▸ GOAL OF THE EXERCISE:
Reproduce the records below exactly, with nothing altered.

=== Begin Enclosure ===

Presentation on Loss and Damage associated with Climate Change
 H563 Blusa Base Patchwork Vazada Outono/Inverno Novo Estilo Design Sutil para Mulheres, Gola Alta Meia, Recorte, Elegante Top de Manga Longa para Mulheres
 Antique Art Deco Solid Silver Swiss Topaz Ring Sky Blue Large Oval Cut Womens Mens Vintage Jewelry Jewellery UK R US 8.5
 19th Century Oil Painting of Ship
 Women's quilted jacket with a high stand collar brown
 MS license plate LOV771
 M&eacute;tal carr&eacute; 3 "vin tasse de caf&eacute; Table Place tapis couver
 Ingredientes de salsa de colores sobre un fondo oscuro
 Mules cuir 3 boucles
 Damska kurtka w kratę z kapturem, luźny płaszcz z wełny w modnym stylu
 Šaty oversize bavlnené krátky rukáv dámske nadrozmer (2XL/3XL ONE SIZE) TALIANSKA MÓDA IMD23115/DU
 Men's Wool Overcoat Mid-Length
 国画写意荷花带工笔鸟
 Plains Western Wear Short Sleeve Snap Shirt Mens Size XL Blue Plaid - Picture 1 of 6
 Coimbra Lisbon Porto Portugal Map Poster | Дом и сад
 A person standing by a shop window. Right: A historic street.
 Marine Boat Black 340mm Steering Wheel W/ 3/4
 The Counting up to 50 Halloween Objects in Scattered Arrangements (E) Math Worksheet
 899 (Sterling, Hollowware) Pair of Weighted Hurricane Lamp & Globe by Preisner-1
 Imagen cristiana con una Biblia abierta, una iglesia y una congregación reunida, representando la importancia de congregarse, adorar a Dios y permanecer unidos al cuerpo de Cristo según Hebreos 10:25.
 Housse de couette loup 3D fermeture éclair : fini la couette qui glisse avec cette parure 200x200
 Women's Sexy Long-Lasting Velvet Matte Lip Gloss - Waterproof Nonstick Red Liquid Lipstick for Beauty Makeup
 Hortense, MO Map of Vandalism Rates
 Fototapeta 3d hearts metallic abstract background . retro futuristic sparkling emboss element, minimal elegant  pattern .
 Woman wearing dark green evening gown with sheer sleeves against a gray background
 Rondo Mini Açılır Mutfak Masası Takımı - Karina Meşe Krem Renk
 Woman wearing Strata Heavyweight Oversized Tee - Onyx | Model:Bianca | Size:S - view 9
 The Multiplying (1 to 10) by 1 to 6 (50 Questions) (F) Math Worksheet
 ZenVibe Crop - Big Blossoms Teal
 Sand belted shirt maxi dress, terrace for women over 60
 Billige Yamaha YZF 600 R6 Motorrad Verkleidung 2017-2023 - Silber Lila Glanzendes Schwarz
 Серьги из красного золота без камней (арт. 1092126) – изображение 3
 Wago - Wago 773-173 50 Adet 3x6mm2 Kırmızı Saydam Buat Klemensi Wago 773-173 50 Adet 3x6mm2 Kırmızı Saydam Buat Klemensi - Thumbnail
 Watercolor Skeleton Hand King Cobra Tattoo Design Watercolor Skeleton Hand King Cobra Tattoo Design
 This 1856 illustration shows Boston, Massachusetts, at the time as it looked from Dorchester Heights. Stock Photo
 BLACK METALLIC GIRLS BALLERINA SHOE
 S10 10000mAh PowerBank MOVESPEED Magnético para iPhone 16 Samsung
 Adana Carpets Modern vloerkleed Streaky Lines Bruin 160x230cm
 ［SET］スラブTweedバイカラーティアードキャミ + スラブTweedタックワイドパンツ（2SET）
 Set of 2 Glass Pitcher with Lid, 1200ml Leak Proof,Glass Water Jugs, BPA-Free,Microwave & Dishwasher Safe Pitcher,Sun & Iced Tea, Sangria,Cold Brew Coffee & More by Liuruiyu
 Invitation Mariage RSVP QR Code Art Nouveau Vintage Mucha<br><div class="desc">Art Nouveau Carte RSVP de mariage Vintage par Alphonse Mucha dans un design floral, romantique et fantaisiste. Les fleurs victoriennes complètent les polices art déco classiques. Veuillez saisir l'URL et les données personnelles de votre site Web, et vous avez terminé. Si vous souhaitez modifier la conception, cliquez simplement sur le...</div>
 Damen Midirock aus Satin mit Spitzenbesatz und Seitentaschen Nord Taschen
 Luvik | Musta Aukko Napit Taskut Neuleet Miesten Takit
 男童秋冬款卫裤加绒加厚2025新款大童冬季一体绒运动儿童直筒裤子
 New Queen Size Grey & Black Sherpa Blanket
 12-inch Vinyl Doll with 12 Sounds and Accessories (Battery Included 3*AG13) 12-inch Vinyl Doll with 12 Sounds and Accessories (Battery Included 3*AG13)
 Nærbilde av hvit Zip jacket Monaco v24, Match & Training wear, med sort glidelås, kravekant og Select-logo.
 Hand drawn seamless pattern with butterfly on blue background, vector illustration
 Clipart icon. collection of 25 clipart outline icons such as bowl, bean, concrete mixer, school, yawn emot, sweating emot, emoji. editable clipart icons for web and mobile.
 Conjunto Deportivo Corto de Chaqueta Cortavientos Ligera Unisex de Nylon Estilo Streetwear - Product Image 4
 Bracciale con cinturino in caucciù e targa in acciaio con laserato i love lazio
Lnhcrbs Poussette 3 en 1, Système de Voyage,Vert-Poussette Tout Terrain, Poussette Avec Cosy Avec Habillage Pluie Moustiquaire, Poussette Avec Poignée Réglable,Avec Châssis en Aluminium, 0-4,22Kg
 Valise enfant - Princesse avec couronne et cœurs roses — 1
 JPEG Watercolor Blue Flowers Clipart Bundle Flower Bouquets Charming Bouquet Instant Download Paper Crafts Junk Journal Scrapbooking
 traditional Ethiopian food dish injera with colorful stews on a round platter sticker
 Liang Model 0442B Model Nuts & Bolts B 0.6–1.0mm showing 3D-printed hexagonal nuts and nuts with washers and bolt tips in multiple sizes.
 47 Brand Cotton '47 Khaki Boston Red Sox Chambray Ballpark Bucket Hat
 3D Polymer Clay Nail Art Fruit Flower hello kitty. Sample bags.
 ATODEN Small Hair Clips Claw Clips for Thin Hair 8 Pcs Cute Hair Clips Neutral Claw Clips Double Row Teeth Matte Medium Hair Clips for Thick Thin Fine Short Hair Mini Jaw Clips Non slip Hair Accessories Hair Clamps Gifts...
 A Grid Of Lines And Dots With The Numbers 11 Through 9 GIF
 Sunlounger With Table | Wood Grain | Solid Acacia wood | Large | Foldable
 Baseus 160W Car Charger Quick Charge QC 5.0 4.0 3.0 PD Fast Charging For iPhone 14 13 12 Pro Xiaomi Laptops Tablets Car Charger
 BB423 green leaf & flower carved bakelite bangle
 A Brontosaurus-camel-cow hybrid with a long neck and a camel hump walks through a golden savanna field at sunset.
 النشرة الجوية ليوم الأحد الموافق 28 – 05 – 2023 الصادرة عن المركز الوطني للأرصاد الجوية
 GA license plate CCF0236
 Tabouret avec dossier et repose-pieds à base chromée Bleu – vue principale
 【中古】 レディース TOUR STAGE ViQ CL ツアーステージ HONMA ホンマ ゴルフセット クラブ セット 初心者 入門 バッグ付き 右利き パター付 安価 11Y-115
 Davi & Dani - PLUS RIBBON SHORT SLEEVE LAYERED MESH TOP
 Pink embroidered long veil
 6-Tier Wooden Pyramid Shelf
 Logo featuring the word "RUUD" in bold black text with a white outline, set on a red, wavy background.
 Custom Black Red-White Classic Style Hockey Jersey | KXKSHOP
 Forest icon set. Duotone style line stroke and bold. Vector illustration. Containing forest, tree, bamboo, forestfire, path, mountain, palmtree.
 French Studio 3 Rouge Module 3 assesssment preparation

=== End Enclosure ===

▸ THE ANSWER:
Presentation on Loss and Damage associated with Climate Change
 H563 Blusa Base Patchwork Vazada Outono/Inverno Novo Estilo Design Sutil para Mulheres, Gola Alta Meia, Recorte, Elegante Top de Manga Longa para Mulheres
 Antique Art Deco Solid Silver Swiss Topaz Ring Sky Blue Large Oval Cut Womens Mens Vintage Jewelry Jewellery UK R US 8.5
 19th Century Oil Painting of Ship
 Women's quilted jacket with a high stand collar brown
 MS license plate LOV771
 M&eacute;tal carr&eacute; 3 "vin tasse de caf&eacute; Table Place tapis couver
 Ingredientes de salsa de colores sobre un fondo oscuro
 Mules cuir 3 boucles
 Damska kurtka w kratę z kapturem, luźny płaszcz z wełny w modnym stylu
 Šaty oversize bavlnené krátky rukáv dámske nadrozmer (2XL/3XL ONE SIZE) TALIANSKA MÓDA IMD23115/DU
 Men's Wool Overcoat Mid-Length
 国画写意荷花带工笔鸟
 Plains Western Wear Short Sleeve Snap Shirt Mens Size XL Blue Plaid - Picture 1 of 6
 Coimbra Lisbon Porto Portugal Map Poster | Дом и сад
 A person standing by a shop window. Right: A historic street.
 Marine Boat Black 340mm Steering Wheel W/ 3/4
 The Counting up to 50 Halloween Objects in Scattered Arrangements (E) Math Worksheet
 899 (Sterling, Hollowware) Pair of Weighted Hurricane Lamp & Globe by Preisner-1
 Imagen cristiana con una Biblia abierta, una iglesia y una congregación reunida, representando la importancia de congregarse, adorar a Dios y permanecer unidos al cuerpo de Cristo según Hebreos 10:25.
 Housse de couette loup 3D fermeture éclair : fini la couette qui glisse avec cette parure 200x200
 Women's Sexy Long-Lasting Velvet Matte Lip Gloss - Waterproof Nonstick Red Liquid Lipstick for Beauty Makeup
 Hortense, MO Map of Vandalism Rates
 Fototapeta 3d hearts metallic abstract background . retro futuristic sparkling emboss element, minimal elegant  pattern .
 Woman wearing dark green evening gown with sheer sleeves against a gray background
 Rondo Mini Açılır Mutfak Masası Takımı - Karina Meşe Krem Renk
 Woman wearing Strata Heavyweight Oversized Tee - Onyx | Model:Bianca | Size:S - view 9
 The Multiplying (1 to 10) by 1 to 6 (50 Questions) (F) Math Worksheet
 ZenVibe Crop - Big Blossoms Teal
 Sand belted shirt maxi dress, terrace for women over 60
 Billige Yamaha YZF 600 R6 Motorrad Verkleidung 2017-2023 - Silber Lila Glanzendes Schwarz
 Серьги из красного золота без камней (арт. 1092126) – изображение 3
 Wago - Wago 773-173 50 Adet 3x6mm2 Kırmızı Saydam Buat Klemensi Wago 773-173 50 Adet 3x6mm2 Kırmızı Saydam Buat Klemensi - Thumbnail
 Watercolor Skeleton Hand King Cobra Tattoo Design Watercolor Skeleton Hand King Cobra Tattoo Design
 This 1856 illustration shows Boston, Massachusetts, at the time as it looked from Dorchester Heights. Stock Photo
 BLACK METALLIC GIRLS BALLERINA SHOE
 S10 10000mAh PowerBank MOVESPEED Magnético para iPhone 16 Samsung
 Adana Carpets Modern vloerkleed Streaky Lines Bruin 160x230cm
 ［SET］スラブTweedバイカラーティアードキャミ + スラブTweedタックワイドパンツ（2SET）
 Set of 2 Glass Pitcher with Lid, 1200ml Leak Proof,Glass Water Jugs, BPA-Free,Microwave & Dishwasher Safe Pitcher,Sun & Iced Tea, Sangria,Cold Brew Coffee & More by Liuruiyu
 Invitation Mariage RSVP QR Code Art Nouveau Vintage Mucha<br><div class="desc">Art Nouveau Carte RSVP de mariage Vintage par Alphonse Mucha dans un design floral, romantique et fantaisiste. Les fleurs victoriennes complètent les polices art déco classiques. Veuillez saisir l'URL et les données personnelles de votre site Web, et vous avez terminé. Si vous souhaitez modifier la conception, cliquez simplement sur le...</div>
 Damen Midirock aus Satin mit Spitzenbesatz und Seitentaschen Nord Taschen
 Luvik | Musta Aukko Napit Taskut Neuleet Miesten Takit
 男童秋冬款卫裤加绒加厚2025新款大童冬季一体绒运动儿童直筒裤子
 New Queen Size Grey & Black Sherpa Blanket
 12-inch Vinyl Doll with 12 Sounds and Accessories (Battery Included 3*AG13) 12-inch Vinyl Doll with 12 Sounds and Accessories (Battery Included 3*AG13)
 Nærbilde av hvit Zip jacket Monaco v24, Match & Training wear, med sort glidelås, kravekant og Select-logo.
 Hand drawn seamless pattern with butterfly on blue background, vector illustration
 Clipart icon. collection of 25 clipart outline icons such as bowl, bean, concrete mixer, school, yawn emot, sweating emot, emoji. editable clipart icons for web and mobile.
 Conjunto Deportivo Corto de Chaqueta Cortavientos Ligera Unisex de Nylon Estilo Streetwear - Product Image 4
 Bracciale con cinturino in caucciù e targa in acciaio con laserato i love lazio
Lnhcrbs Poussette 3 en 1, Système de Voyage,Vert-Poussette Tout Terrain, Poussette Avec Cosy Avec Habillage Pluie Moustiquaire, Poussette Avec Poignée Réglable,Avec Châssis en Aluminium, 0-4,22Kg
 Valise enfant - Princesse avec couronne et cœurs roses — 1
 JPEG Watercolor Blue Flowers Clipart Bundle Flower Bouquets Charming Bouquet Instant Download Paper Crafts Junk Journal Scrapbooking
 traditional Ethiopian food dish injera with colorful stews on a round platter sticker
 Liang Model 0442B Model Nuts & Bolts B 0.6–1.0mm showing 3D-printed hexagonal nuts and nuts with washers and bolt tips in multiple sizes.
 47 Brand Cotton '47 Khaki Boston Red Sox Chambray Ballpark Bucket Hat
 3D Polymer Clay Nail Art Fruit Flower hello kitty. Sample bags.
 ATODEN Small Hair Clips Claw Clips for Thin Hair 8 Pcs Cute Hair Clips Neutral Claw Clips Double Row Teeth Matte Medium Hair Clips for Thick Thin Fine Short Hair Mini Jaw Clips Non slip Hair Accessories Hair Clamps Gifts...
 A Grid Of Lines And Dots With The Numbers 11 Through 9 GIF
 Sunlounger With Table | Wood Grain | Solid Acacia wood | Large | Foldable
 Baseus 160W Car Charger Quick Charge QC 5.0 4.0 3.0 PD Fast Charging For iPhone 14 13 12 Pro Xiaomi Laptops Tablets Car Charger
 BB423 green leaf & flower carved bakelite bangle
 A Brontosaurus-camel-cow hybrid with a long neck and a camel hump walks through a golden savanna field at sunset.
 النشرة الجوية ليوم الأحد الموافق 28 – 05 – 2023 الصادرة عن المركز الوطني للأرصاد الجوية
 GA license plate CCF0236
 Tabouret avec dossier et repose-pieds à base chromée Bleu – vue principale
 【中古】 レディース TOUR STAGE ViQ CL ツアーステージ HONMA ホンマ ゴルフセット クラブ セット 初心者 入門 バッグ付き 右利き パター付 安価 11Y-115
 Davi & Dani - PLUS RIBBON SHORT SLEEVE LAYERED MESH TOP
 Pink embroidered long veil
 6-Tier Wooden Pyramid Shelf
 Logo featuring the word "RUUD" in bold black text with a white outline, set on a red, wavy background.
 Custom Black Red-White Classic Style Hockey Jersey | KXKSHOP
 Forest icon set. Duotone style line stroke and bold. Vector illustration. Containing forest, tree, bamboo, forestfire, path, mountain, palmtree.
 French Studio 3 Rouge Module 3 assesssment preparation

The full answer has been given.